The Trustees of Reservations will be thinning trees at Wasque to prevent a southern pine beetle infestation. —Shea Fee/Trustees of Reservations

The Wasque reservation on Chappaquiddick will soon be closed for at least a month so the Trustees of Reservations can conduct mitigation efforts against Southern pine beetles. 

The Trustees, which owns the nature preserve, announced in a press release it will begin thinning Wasque’s mature pitch pine forests on Feb. 28 in a project funded by a $75,000 grant from the MassWildlife Habitat Management Grant Program. 

“Without this work, we run a greater risk of an infestation,” Darci Schofield, Islands director for the Trustees, said in the release. “Wasque’s pitch pine forests are currently very dense, creating ideal conditions for the Southern pine beetle to spread and kill many mature trees.” 

Southern pine beetles are insects that have become a scourge on Vineyard woodlands. The females of the species chew into pine trees and carve tunnels inside to lay eggs and release pheromones to attract males, a process that ultimately overwhelms the plants.
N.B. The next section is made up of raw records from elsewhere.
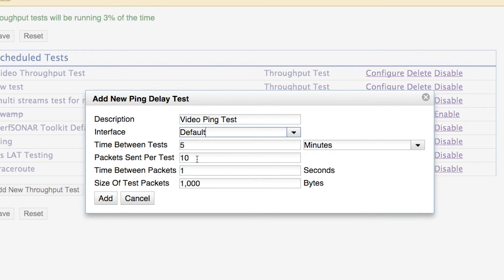Every single ping test is going to consist of 10 independent ping packets that are sent, and the time between packets is going to be approximately one second. So it takes 10 seconds to complete the full test, and then the results are saved in the back-end database. We're going to be using ping packets that are a size of 1,000 bytes, which is smaller than the maximum transmission unit for any given network segment.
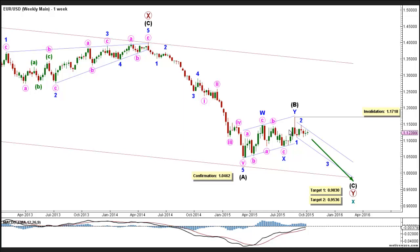This count expects the Euro to be moving towards the downside in Intermediate Wave C, which is most likely forming an impulse labeled Minor Waves 1 through 5, and this will be confirmed by movement below 1.0462. At 0.9830, Primary Wave Y would reach 100% the length of Primary Wave W, then at 0.9536, Intermediate Wave C would reach 61.8% the length of Intermediate Wave A. This wave count is invalidated by movement above 1.1718, as Minor Wave 2 may not move beyond the start of Minor Wave 1.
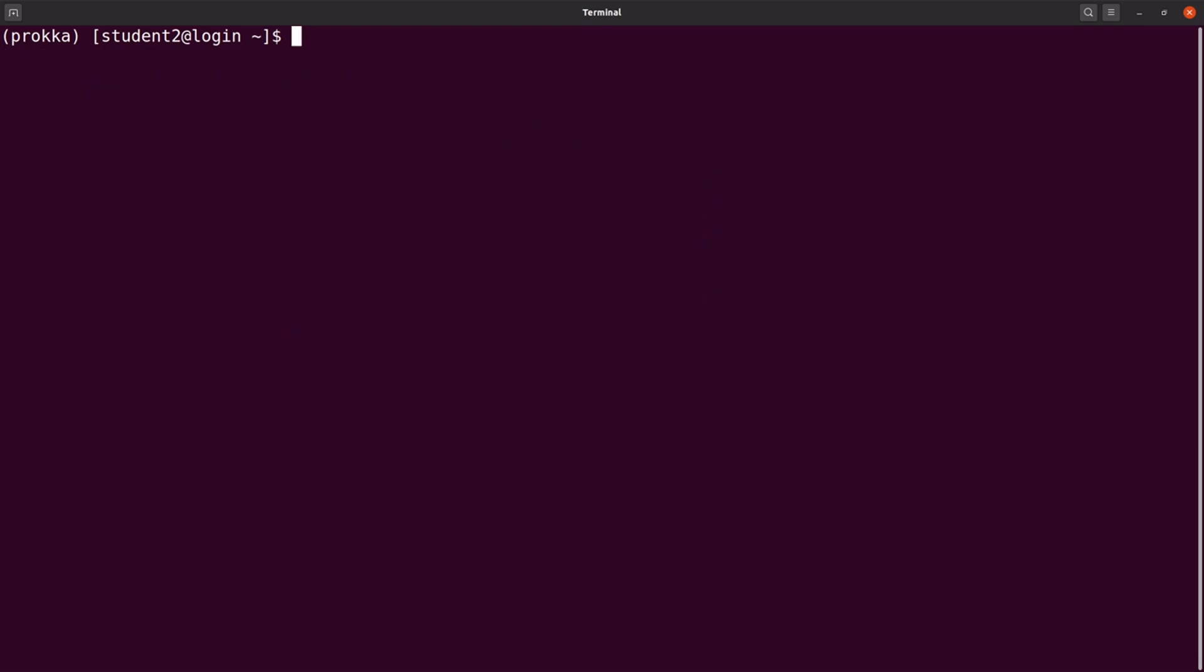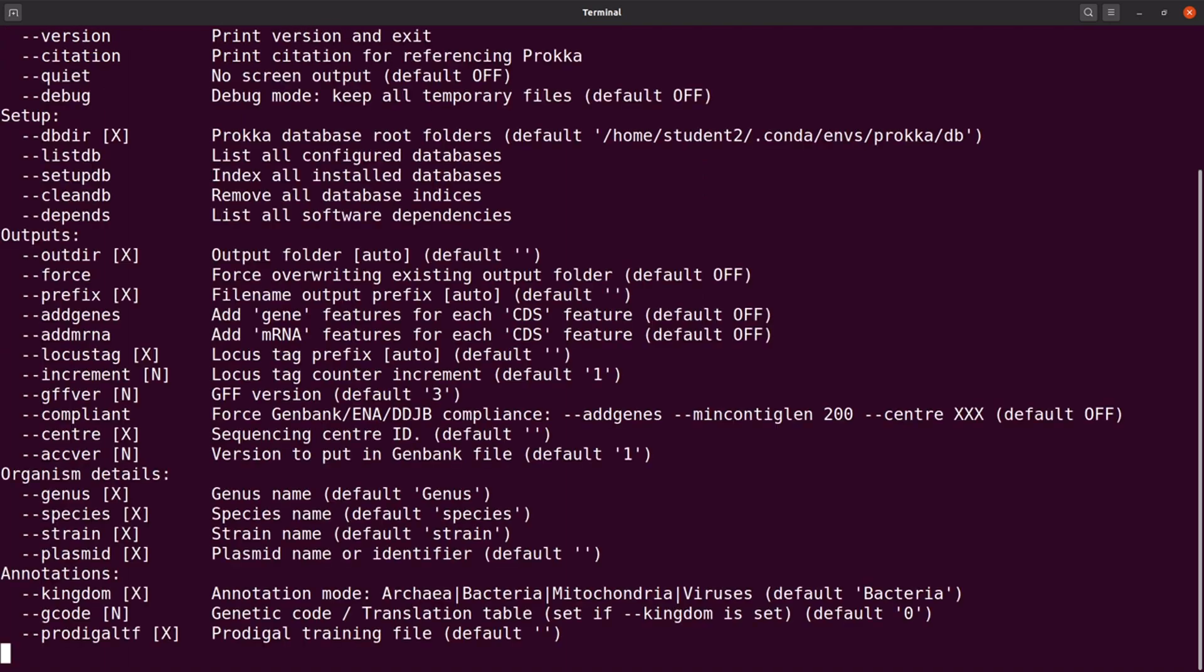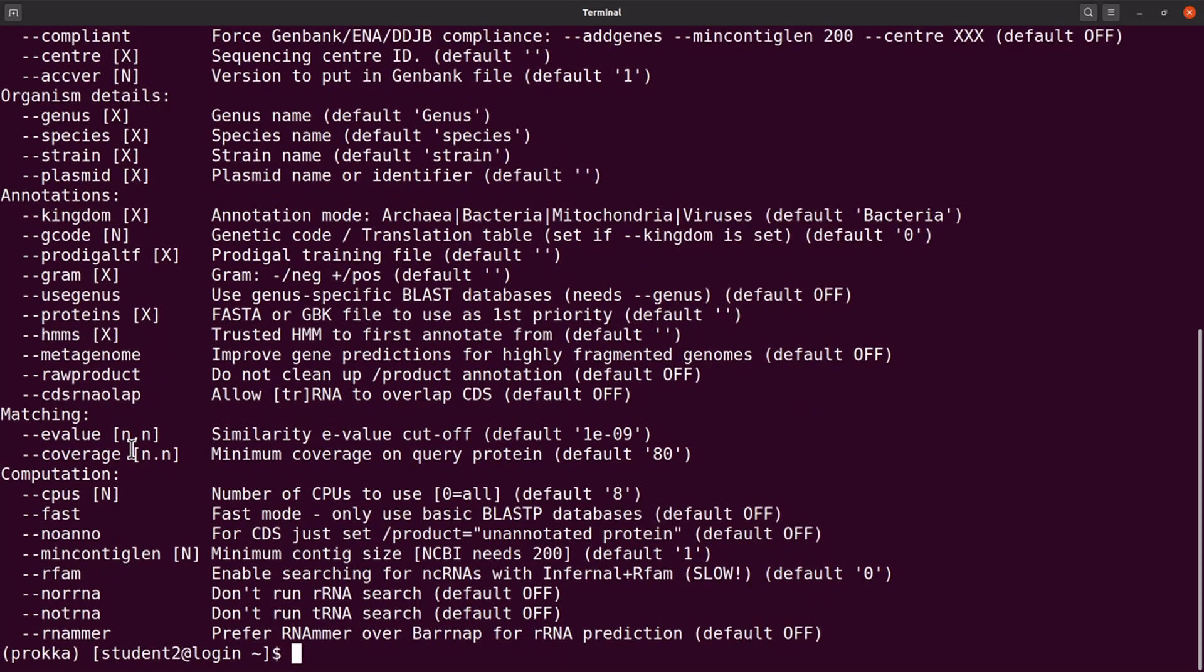Let me clear the screen first. Before we run Prokka, let me see, let's call Prokka again. And then we have the options displayed here. So we are going to use a few of these options.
The beetles have encroached on various parts of the Island, and in December, forced the Sheriff’s Meadow Foundation to close trails in West Chop Woods in Vineyard Haven because of a large number of trees killed by the beetles. They have also been found in some residential areas. More than 2,000 pitch pine and white pine trees were infected or deemed at risk, and were cut down, at the 69-acre Phillips Preserve, near Lake Tashmoo in Tisbury, in 2024. And there have been infestations found in Manuel F. Correllus State Forest.
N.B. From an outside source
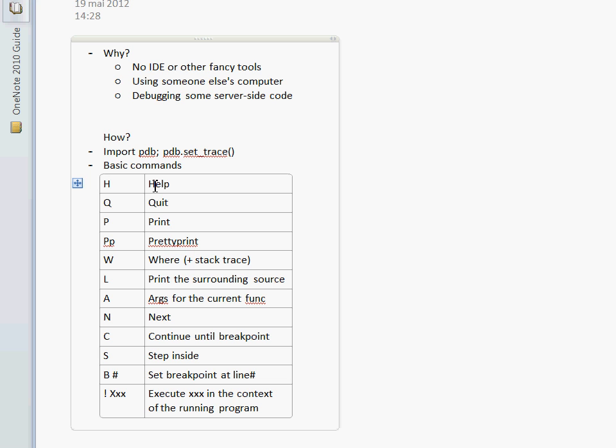And sometimes it helps you fix a problem fast without firing up fancy IDEs which take a lot of RAM and are slow. So I hope I've convinced you that PDB is a handy instrument. And I wish you luck in debugging your future code. Bye.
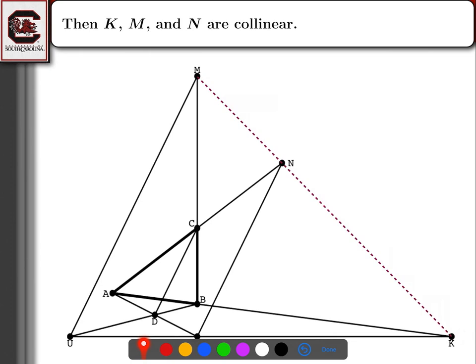The question is how do we show that. Like the dual Desargues argument, we want to find two triangles that are perspective from a point and use that to say these three points are collinear — so this should be the line they're perspective from. One of these triangles is going to be ABC. AB goes through K, BC goes through M, and AC goes through N. The question is where's the other triangle.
While the Trustees of Reservations has not detected the beetles on Wasque, the conservation group is removing pitch pines on about 28 acres as a proactive measure to protect the habitat. Sheriff’s Meadow also thinned the woods at the Caroline Tuthill Preserve in Edgartown to enable the mature pine forest to survive a potential outbreak.
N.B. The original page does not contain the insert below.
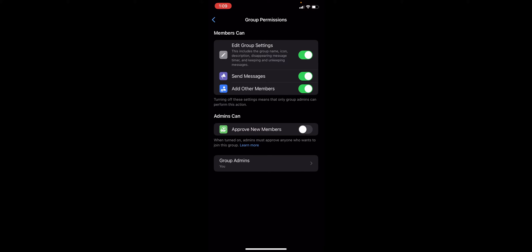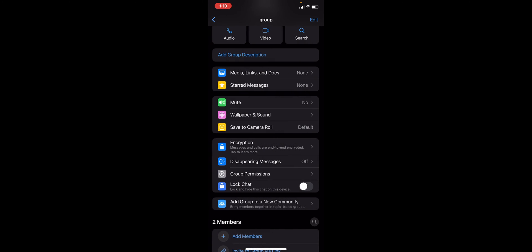onto the Group Permission, you should be able to see different things in here like Send Messages. So you could toggle this one off so that your team members won't be able to send messages and only you, the admin, can perform this action. So you could do the same thing onto adding other members and editing group settings in here. And that's basically it onto changing WhatsApp group setting to only admin can send message.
While the reserve is closed, foresters will reduce tree density on the property to “healthy recommended levels” on 28 acres of land. The release stated that smaller branches and crowns will be masticated onsite, while larger logs will be “stacked in designated areas at least 50 feet from boundaries and roads to decompose naturally.”

Signs will be posted at the reservation and trail entrances to let people know about the temporary closure.